Some of you may wonder how gang violence escalated to what it is today. There are many stories out there; some based on truth and others outright lies pieced together to conceal the truth. Gangs have existed almost as long as people have established societies. Many organizations and even governments may have come into existence because they started as one. The ancient Roman legend of Romulus and Remus gives hint that Rome may have been started by a band of men or a gang.
Gangs typically start with youth within a community whom intermingle and form bonds. As these youth venture through their neighborhoods, they set up social companionships and defensive boundaries to protect themselves from any person or group who intrudes into their realm of domain. Some gangs will be duped to do anything to defend their territories, thus the level of violence any gang executes depends on the toleration of the gang's leadership and what the community will bear. New gangs have migrated into the United States from Central America, Caribbean Islands, and from other nations of the world. The conflagrations of their violence are sensationalized almost every day by the media. The damages to individuals, their families and our society are being done every day. Yet, the reason why gang violence has mounted to what it has is because communities and institutions have allowed it so. Let me explain.
As mentioned earlier the existence of gangs goes back to our prehistoric times when we were building societies. The control or lack of control of gangs has always been at the discretion of civilization of which gangs belong. Civil leadership has and always will control the outcome of what is tolerated.
Today's escalation of gang violence can be traced back to Los Angeles County in the early 1970's. Prior to 1972 the gangs in Los Angeles County were confined to racial divides long established by government. To identify some of the diversity of gangs during that era, there were White gangs in the Inglewood and Hawthorne cities, Black gangs in Watts, Compton, South and Southwest Los Angeles, Asian gangs in Monterey Park, and Mexican gangs in East Los Angeles. These gangs rampaged throughout their own communities then and certainly had the propensity for violence; there had always been gang shootings, but these incidents were only known to the victims, witnesses, and people within the communities. Little recognition was given to their existence except for the justice system which often had to regulate these activities. Inadvertently it was the justice system and later the media which propelled gangs to the forefront of becoming a social stigma.
Up until now no one has pointed the finger, but during the administrations of the Los Angeles Police, the County of Los Angeles Sheriffs, and the Los Angeles County judges of that and precedent eras, an unethical practice was allowed to mitigate among many of the representatives of the local justice system. The local justice systems turned their backs on the violence and the traffic of drugs which were happening within the racial communities of which the crimes were being enacted. Their attitudes were rooted in bigotry and they facilitated the violence of allowing the races to victimize and even kill their own kind; allowing acts of self-destruction and potential genocide. As apprehensible as it seems, members of the justice systems allowed known killers of their own kind to be re-inserted back into their communities to kill again. This secret pact remained intact and hidden from the social microscope until one brutal murder changed everything.

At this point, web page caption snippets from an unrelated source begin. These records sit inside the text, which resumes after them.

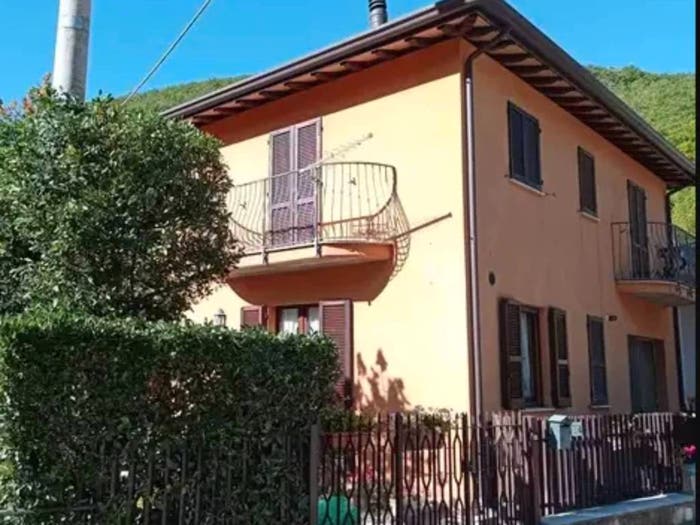 Casa con 6 locali in vendita in Località Bagnara, Bagnara, Nocera Umbra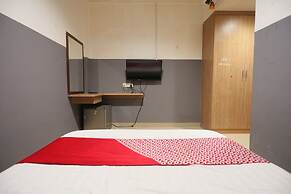 OYO 92988 City Room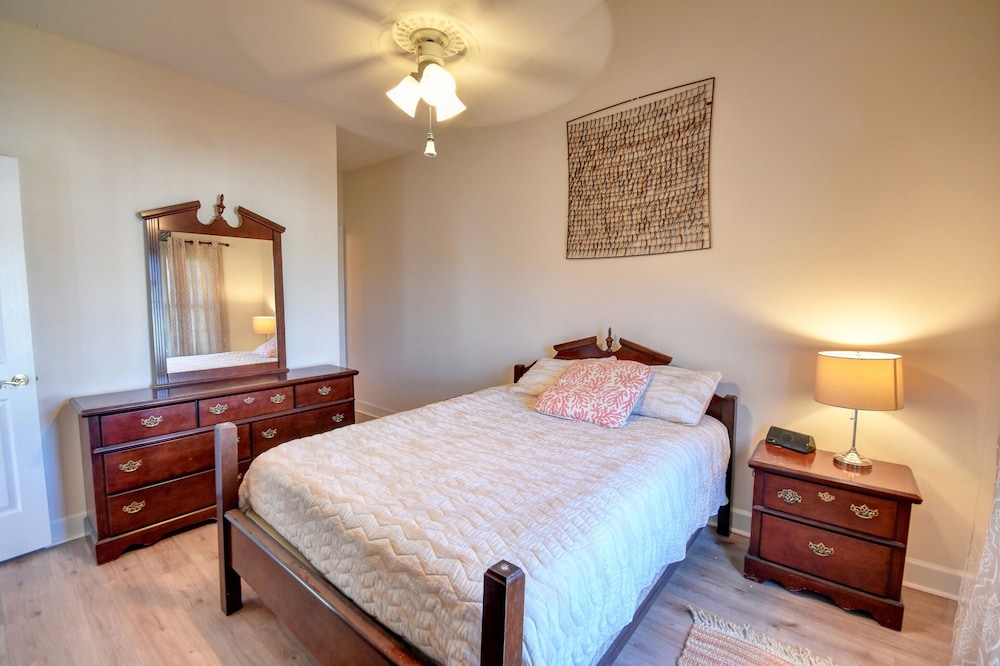 4830 Carnation Cir Magnolia North 2 Bedroom Condo by RedAwning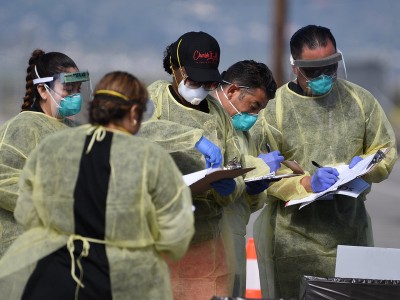 ΗΠΑ: Πάνω από 1.000 νεκροί από κορωνοϊό για 5η συνεχόμενη μέρα – Ρεκόρ κρουσμάτων στην  Καλιφόρνια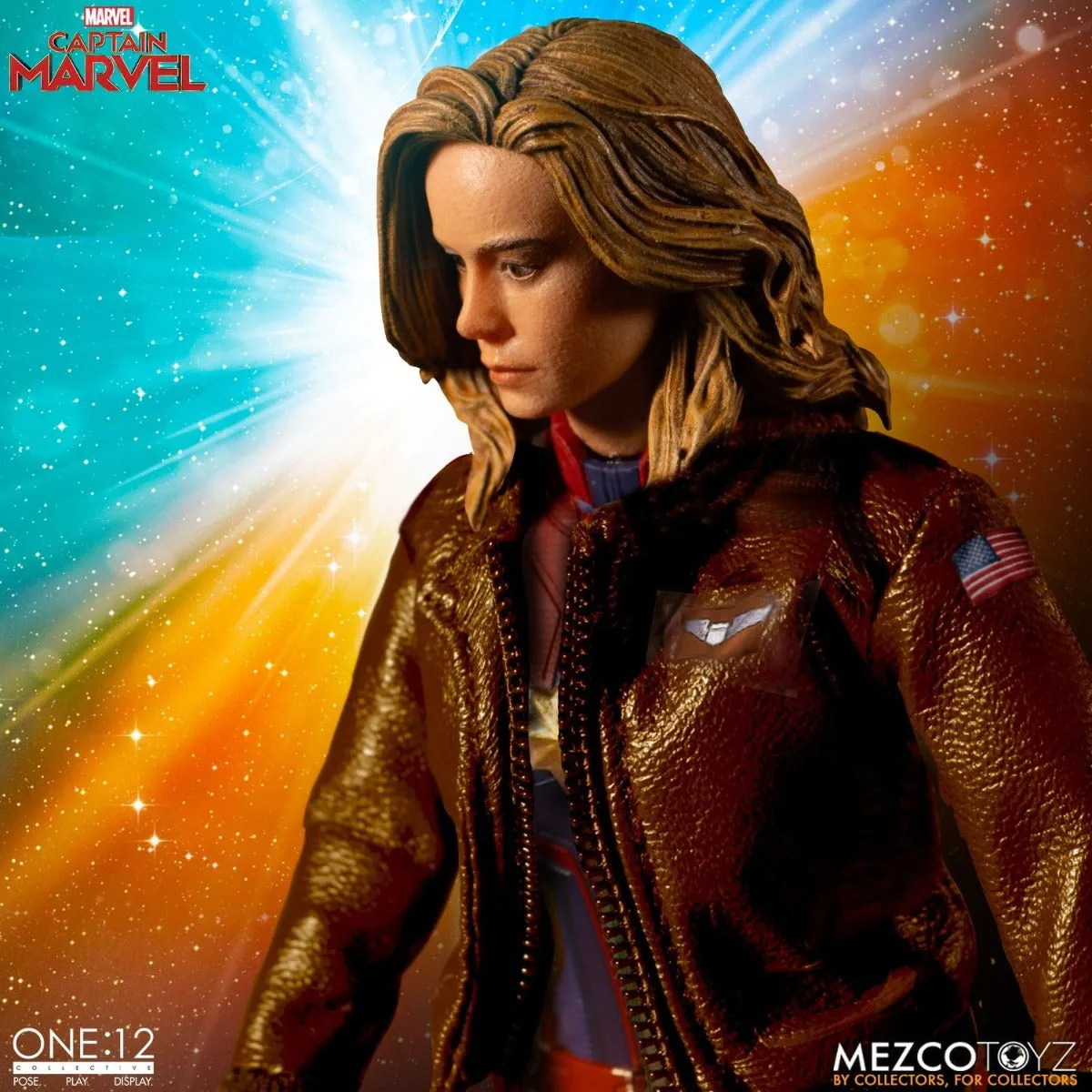 MEZCO TOYZ CAPTAIN MARVEL COLLECTIVE 1/12 SCALE - 76670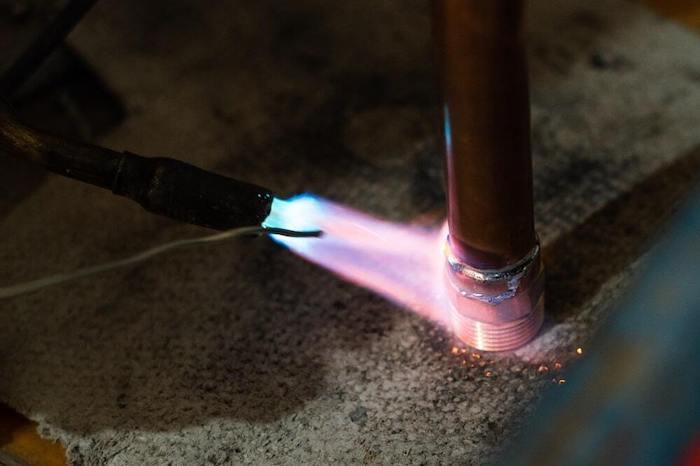 Brazing Copper in HVAC Applications Trigger Torch,MAPP Torch With Lock Function and Automatic Igniter,Trigger Start MAPP Torch For Domestic Plumbing Heating Metals For Welding 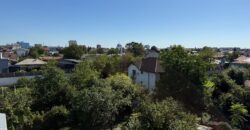 Proprietate deosebită în Ploiești – apartament cu 4 camere, un singur apartament pe nivel, boxă generoasă și cotă de teren 145 mp
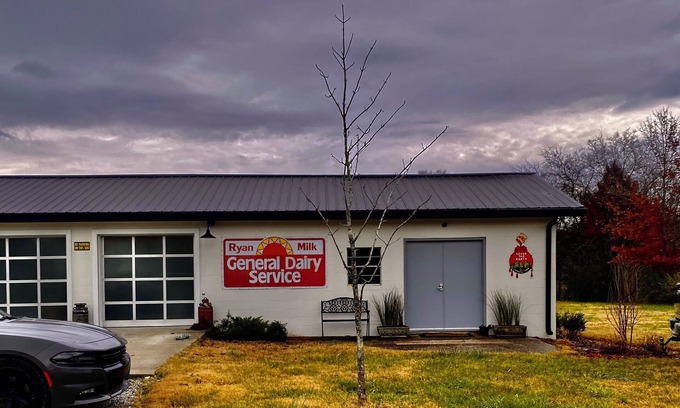 Franklin House | Unique, beautiful, location & only minute to Downtown Franklin & Nashville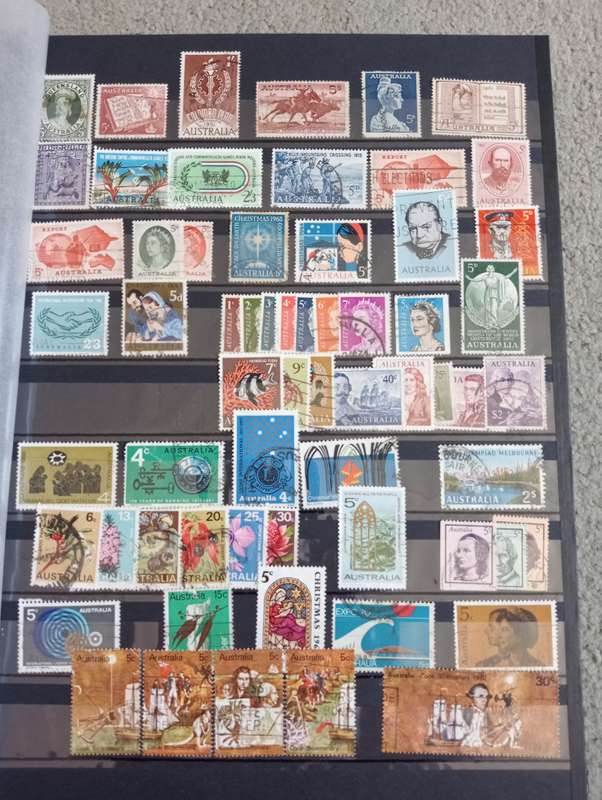 ENORMOUS COLLECTION IN STOCK BOOK EARLY AUST.N.ZEALAND AND OTHERS 100`S SEE BELOW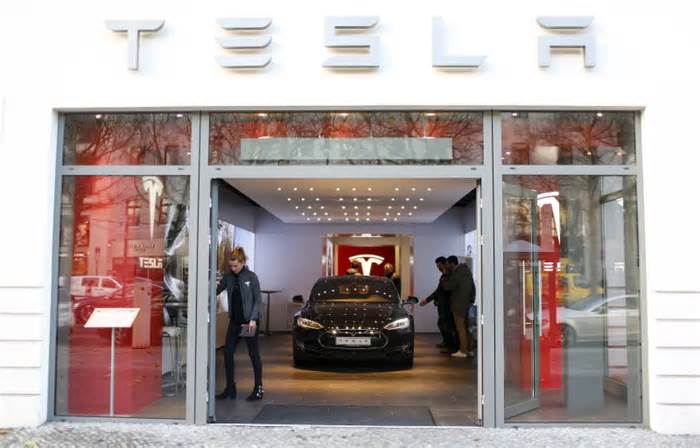 These analysts have a bullish outlook for Tesla's Q3 deliveries. Here's why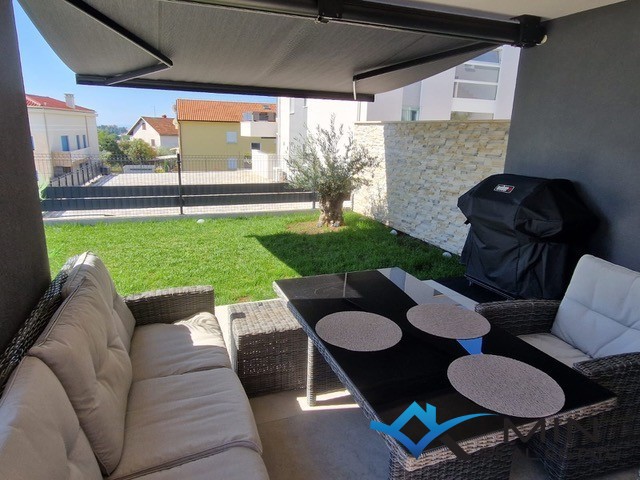 Privlačno stanovanje z ogrevanim bazenom v Novigradu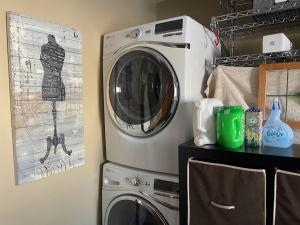 eine Waschmaschine, eine Waschmaschine und ein Trockner im Zimmer in der Unterkunft Sand Lake Getaway Lakefront in Tipton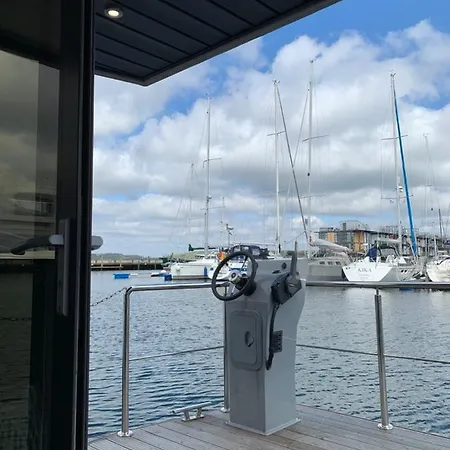 Hausboot Meeresbrise Apartment *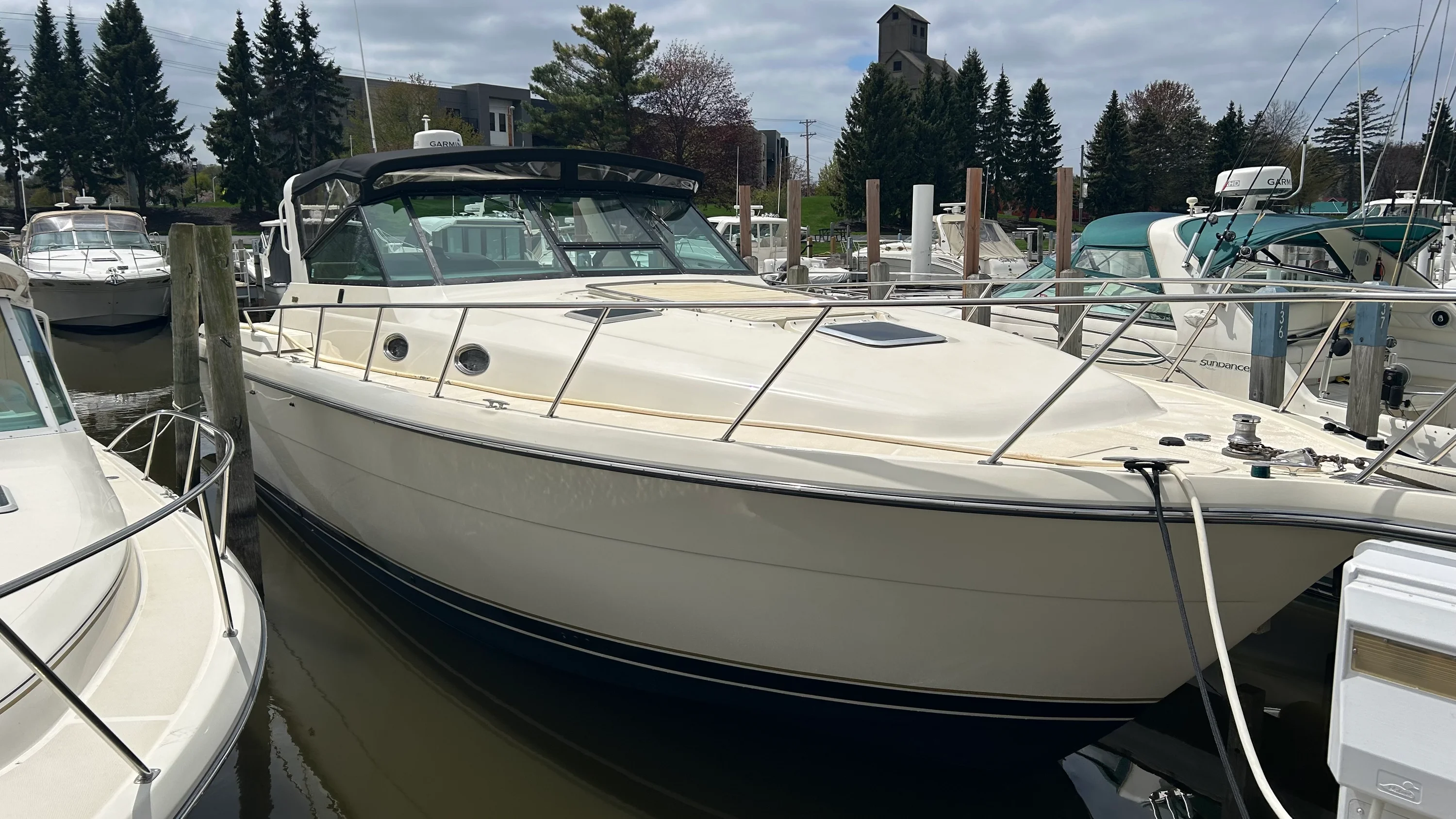 1997 Tiara Yachts 4000 EXPRESS Image Thumbnail #3
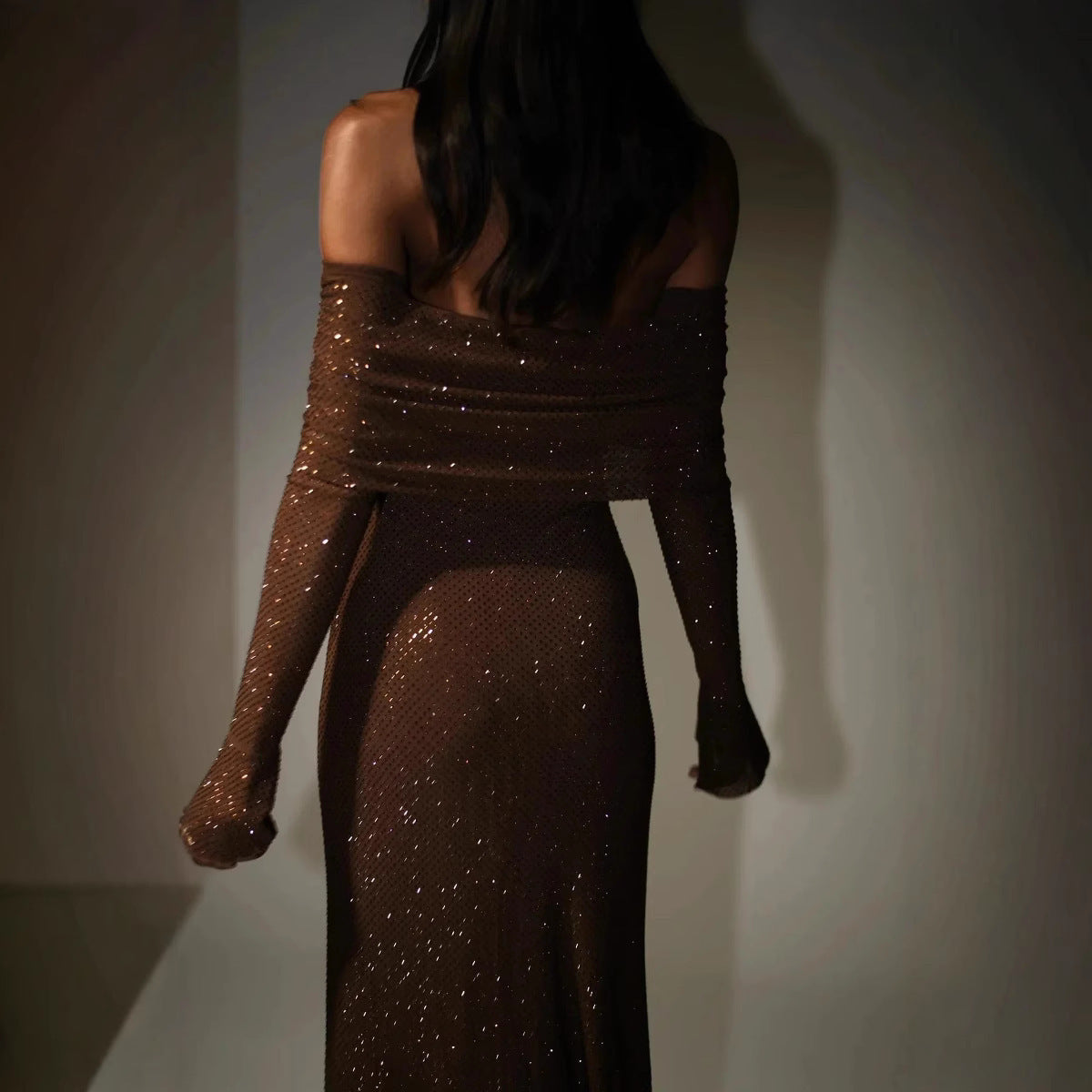 Sexy Luxury Strapless Long Sleeve Slim Rhinestone Noble Dress -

In the spring of 1972 a high school football player, Robert Ballou, was viciously beaten to death in Hollywood. Ballou's father was a Los Angeles assistant district attorney and was given immediate media attention. Within a few weeks the assailants were arrested. They admitted to being members of one of the L.A. Black gangs, the Crips. To further sensationalize this terrible incident, most of the killers were star high school athletes, one of which had set world high school track records. Suddenly, the existence of the Crips had been brought to the front page of newspapers and the main story on local television and radio news. All of a sudden one of L.A. County's street gangs had acted outside of their segregated territory and received too much attention; the pact of the local justice system was forever disrupted and eventually dismantled with more sensational events to follow. Soon other gangs wanted to get attention and establish identities. The struggle for territories became more violent when the sale of drugs, especially when rock cocaine was introduced into the region. Gangs acquired more guns and more shootings became prevalent as the fight for dominance of boundaries escalated. Soon several movies sensationalized gangs even further and later the introduction of "rap music" and "hip hop" set their lifestyles as icons.